Task inputs ▸
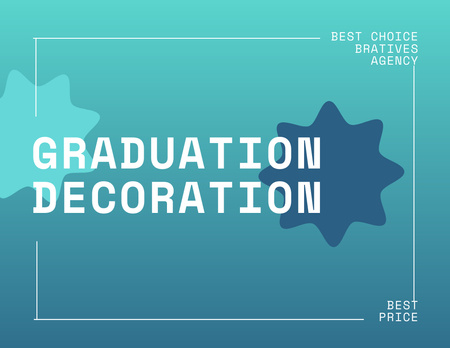 Ontwerpsjabloon van Flyer 8.5x11in Horizontal van Blue Ad of Graduation Party Decoration Offer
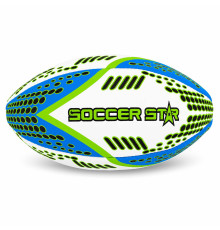 М'яч для регбі SOCCER STAR №4 білий-синій-салатовий
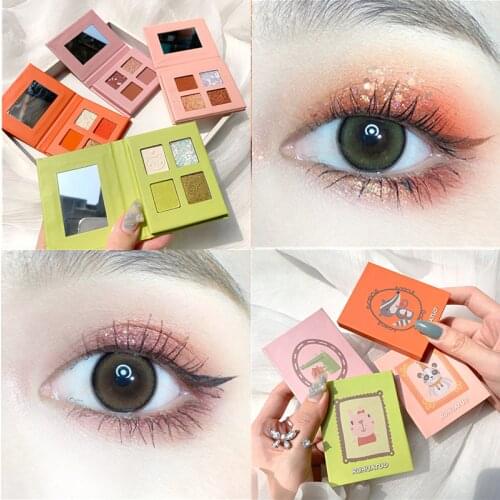 Makeup Eyeshadow Pallete Makeup Brushes 4Colors Shimmer Pigmented Eye Shadow Palette Make Up Palette Cosmetics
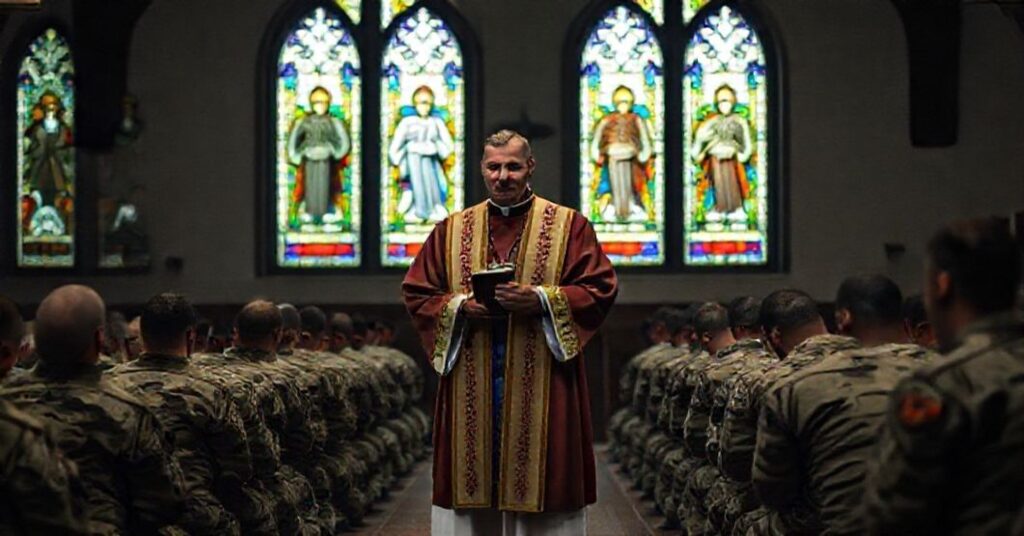 Kapelan wojskowy w tradycyjnych szatach liturgicznych modli się w kaplicy wojskowej otoczony żołnierzami na kolanach. W tle witraże z Chrystusem Królem i Archaniołami.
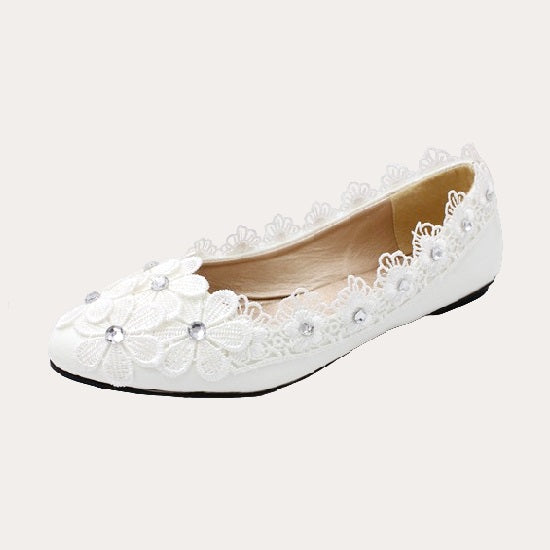 Süße Diamante verschönert Spitze Kleine Blume Hochzeit Schuhe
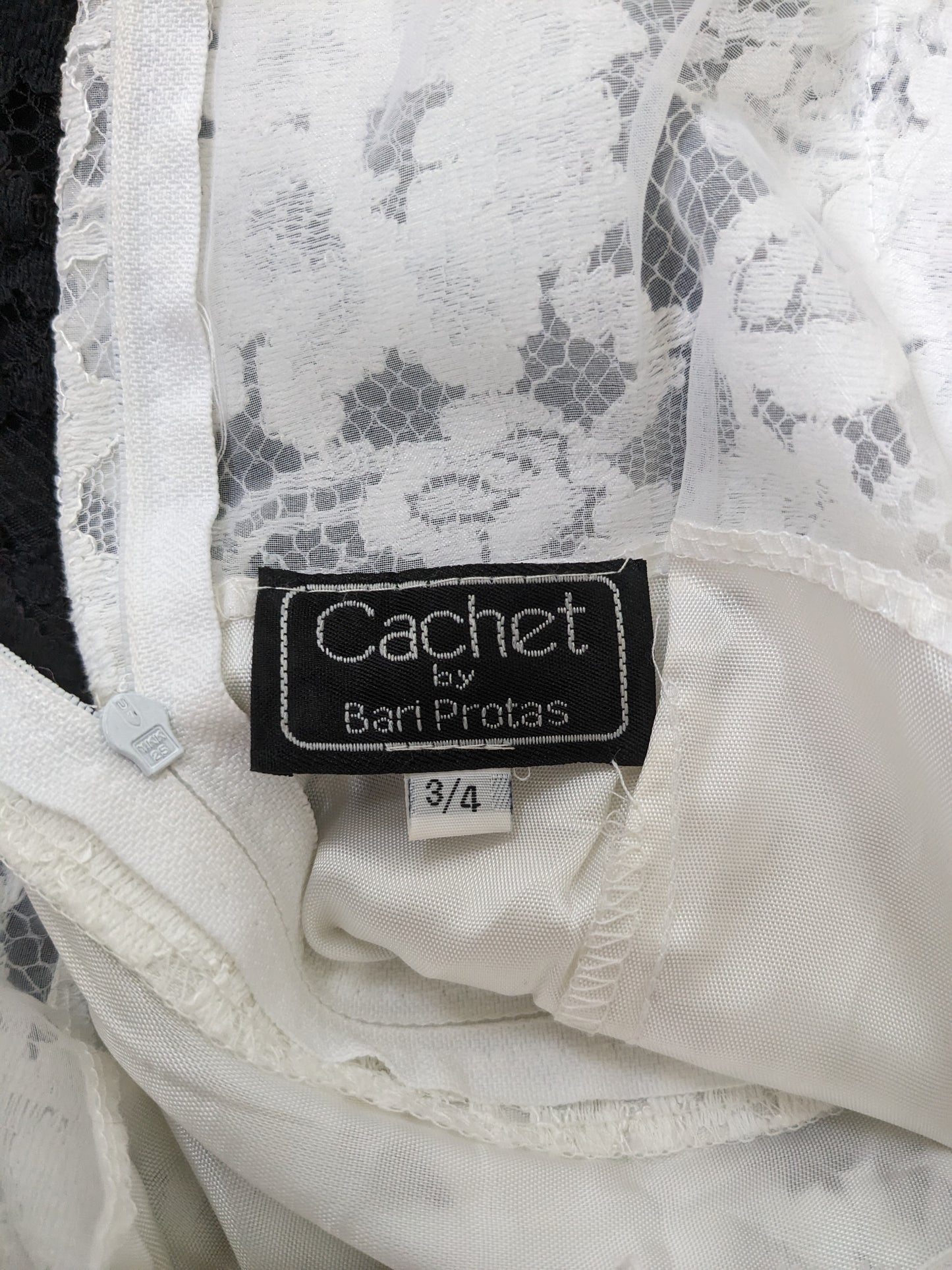 1980s black and white lace dress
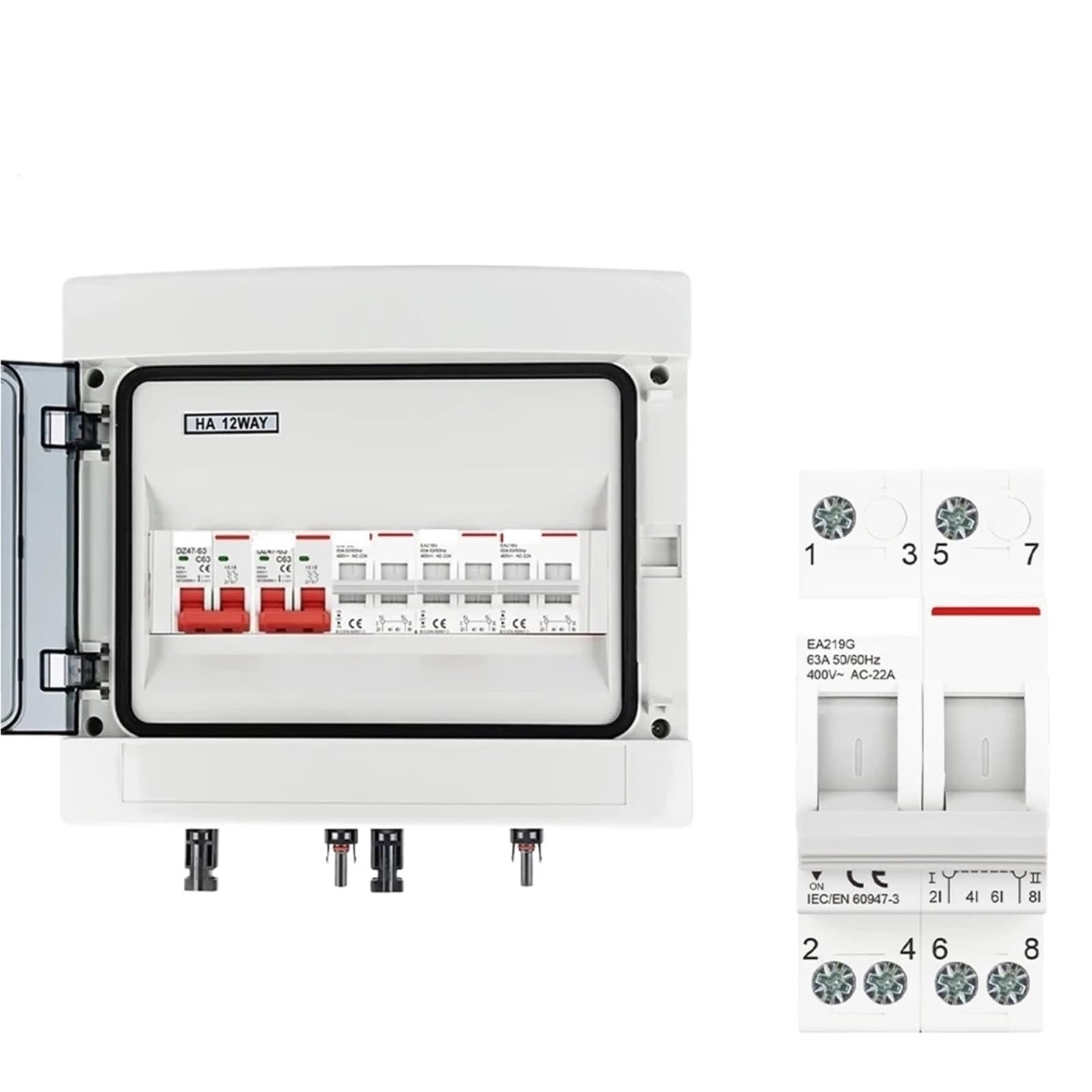 Inverseur de source MTS 4P 125A avec coupure pleinement apparente sur rail DIN - 4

About this exercise ▸
A word-for-word copy is needed of the lines from the line holding "1980s black and white lace dress" through the end of the records, both included, excluding every picture.

Task response ▸
 1980s black and white lace dress
 Inverseur de source MTS 4P 125A avec coupure pleinement apparente sur rail DIN - 4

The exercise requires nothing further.